==== PROVIDED DATA ====

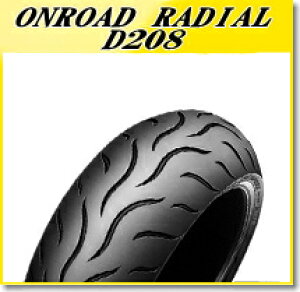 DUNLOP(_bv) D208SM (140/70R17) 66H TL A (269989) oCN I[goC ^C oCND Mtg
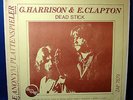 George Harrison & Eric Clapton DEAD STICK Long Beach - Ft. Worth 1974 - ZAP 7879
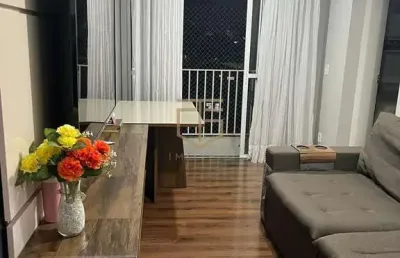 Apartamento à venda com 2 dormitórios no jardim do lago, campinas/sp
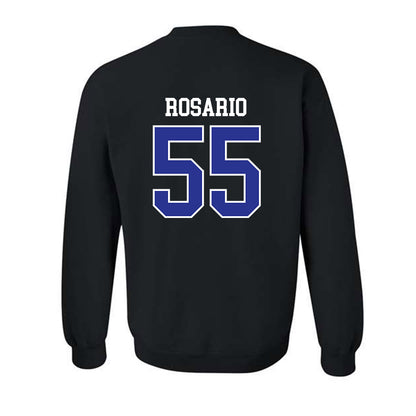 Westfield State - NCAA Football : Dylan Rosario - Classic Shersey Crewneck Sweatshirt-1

====
==== PROVIDED DATA ====

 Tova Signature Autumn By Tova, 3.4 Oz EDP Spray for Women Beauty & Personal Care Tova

====

### ASSIGNED TASK
Copy out exactly the lines above beginning with the line that contains "DUNLOP(_bv) D208SM (140/70R17)" and finishing with the line that contains "Westfield State - NCAA", including both; leave the pictures out.

### SOLUTION FOR THIS EXERCISE
 DUNLOP(_bv) D208SM (140/70R17) 66H TL A (269989) oCN I[goC ^C oCND Mtg
 George Harrison & Eric Clapton DEAD STICK Long Beach - Ft. Worth 1974 - ZAP 7879
 Apartamento à venda com 2 dormitórios no jardim do lago, campinas/sp
 Westfield State - NCAA Football : Dylan Rosario - Classic Shersey Crewneck Sweatshirt-1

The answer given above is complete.